The Mathematics of Deep Learning Parts I & II
Wednesday, June 22, 2016
2:00 pm - 4:50 pm
Fitzpatrick Center Schiciano Auditorium
Helmut Bölcskei Professor, ETH Zurich
Part I - Deep convolutional neural networks have led to breakthrough results in numerous machine learning tasks that require feature extraction, yet a comprehensive mathematical theory explaining this success seems distant. The mathematical analysis of deep neural networks for feature extraction was initiated by Mallat, who considered so-called scattering networks based on the wavelet transform and modulus non-linearities.
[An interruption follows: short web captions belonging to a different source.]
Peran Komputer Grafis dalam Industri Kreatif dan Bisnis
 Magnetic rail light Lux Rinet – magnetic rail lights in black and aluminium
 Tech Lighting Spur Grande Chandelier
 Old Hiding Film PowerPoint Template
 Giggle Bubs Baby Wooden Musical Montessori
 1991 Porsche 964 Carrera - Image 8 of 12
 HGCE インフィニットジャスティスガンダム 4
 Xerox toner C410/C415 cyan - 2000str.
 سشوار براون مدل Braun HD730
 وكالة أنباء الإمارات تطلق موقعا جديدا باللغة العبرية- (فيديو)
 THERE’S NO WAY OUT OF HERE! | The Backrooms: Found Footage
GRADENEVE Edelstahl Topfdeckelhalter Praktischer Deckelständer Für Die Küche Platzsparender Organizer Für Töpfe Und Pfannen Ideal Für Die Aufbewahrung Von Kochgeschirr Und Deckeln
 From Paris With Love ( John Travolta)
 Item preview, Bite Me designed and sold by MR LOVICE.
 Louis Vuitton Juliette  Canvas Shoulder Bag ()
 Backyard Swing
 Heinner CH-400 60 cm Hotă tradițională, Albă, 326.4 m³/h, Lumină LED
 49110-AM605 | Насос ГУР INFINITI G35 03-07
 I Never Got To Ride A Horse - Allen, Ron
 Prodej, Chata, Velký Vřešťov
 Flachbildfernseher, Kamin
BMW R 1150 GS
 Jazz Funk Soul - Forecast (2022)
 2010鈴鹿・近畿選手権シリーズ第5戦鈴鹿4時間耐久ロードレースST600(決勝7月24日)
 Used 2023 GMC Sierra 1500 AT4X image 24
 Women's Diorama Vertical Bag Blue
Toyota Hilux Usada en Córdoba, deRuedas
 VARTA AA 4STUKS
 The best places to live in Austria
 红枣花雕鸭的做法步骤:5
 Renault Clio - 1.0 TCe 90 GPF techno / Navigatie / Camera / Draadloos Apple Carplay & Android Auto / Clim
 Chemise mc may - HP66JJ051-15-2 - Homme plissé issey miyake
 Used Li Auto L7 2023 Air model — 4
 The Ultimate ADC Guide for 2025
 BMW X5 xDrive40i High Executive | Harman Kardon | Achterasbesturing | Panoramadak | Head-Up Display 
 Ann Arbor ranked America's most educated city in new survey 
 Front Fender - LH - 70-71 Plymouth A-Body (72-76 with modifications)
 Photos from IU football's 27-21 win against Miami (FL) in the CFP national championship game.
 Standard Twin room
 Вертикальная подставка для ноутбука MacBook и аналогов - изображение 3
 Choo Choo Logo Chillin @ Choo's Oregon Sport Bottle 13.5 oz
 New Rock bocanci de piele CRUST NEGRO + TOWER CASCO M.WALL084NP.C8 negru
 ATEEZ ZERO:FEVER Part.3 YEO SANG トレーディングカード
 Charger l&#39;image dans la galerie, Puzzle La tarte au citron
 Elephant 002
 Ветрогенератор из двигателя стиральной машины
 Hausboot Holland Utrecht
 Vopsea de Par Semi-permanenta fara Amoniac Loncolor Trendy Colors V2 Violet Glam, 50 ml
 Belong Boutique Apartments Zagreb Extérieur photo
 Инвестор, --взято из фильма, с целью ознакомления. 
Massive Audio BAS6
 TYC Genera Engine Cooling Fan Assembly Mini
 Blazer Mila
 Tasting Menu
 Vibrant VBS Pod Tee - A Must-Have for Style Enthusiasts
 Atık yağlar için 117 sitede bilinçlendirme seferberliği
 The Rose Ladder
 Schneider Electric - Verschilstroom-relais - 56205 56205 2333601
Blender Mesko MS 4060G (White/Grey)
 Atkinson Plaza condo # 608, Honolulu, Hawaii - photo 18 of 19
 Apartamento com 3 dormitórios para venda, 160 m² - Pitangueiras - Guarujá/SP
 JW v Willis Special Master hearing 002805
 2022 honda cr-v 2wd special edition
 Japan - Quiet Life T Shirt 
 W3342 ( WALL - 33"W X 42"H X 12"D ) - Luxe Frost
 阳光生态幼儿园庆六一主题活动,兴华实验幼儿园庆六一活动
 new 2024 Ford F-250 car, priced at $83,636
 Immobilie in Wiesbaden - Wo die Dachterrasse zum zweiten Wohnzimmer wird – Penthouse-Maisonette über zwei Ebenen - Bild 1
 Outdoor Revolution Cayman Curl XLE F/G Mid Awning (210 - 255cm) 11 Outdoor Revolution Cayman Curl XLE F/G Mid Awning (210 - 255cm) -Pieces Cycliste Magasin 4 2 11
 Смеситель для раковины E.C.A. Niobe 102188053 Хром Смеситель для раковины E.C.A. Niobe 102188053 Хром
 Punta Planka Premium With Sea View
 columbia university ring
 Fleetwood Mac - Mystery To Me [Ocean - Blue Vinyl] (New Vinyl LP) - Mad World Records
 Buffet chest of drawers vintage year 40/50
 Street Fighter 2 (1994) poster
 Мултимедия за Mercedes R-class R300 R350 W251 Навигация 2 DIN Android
In this short course, we show how Mallat's theory can be developed further by allowing for general semi-discrete shift-invariant frames (including Weyl-Heisenberg, curvelet, shearlet, ridgelet, and wavelet frames) and general Lipschitz-continuous non-linearities (e.g., rectified linear units, shifted logistic sigmoids, hyperbolic tangents, and modulus functions), as well as pooling through subsampling. For the resulting feature extractor, we prove deformation stability for a large class of deformations, establish a new translation invariance result which is of vertical nature in the sense of the network depth determining the amount of invariance, and show energy conservation under certain technical conditions. On a conceptual level our results establish that deformation stability, vertical translation invariance, and to a certain degree also energy conservation are guaranteed by the network structure per se rather than the specific convolution kernels and non-linearities.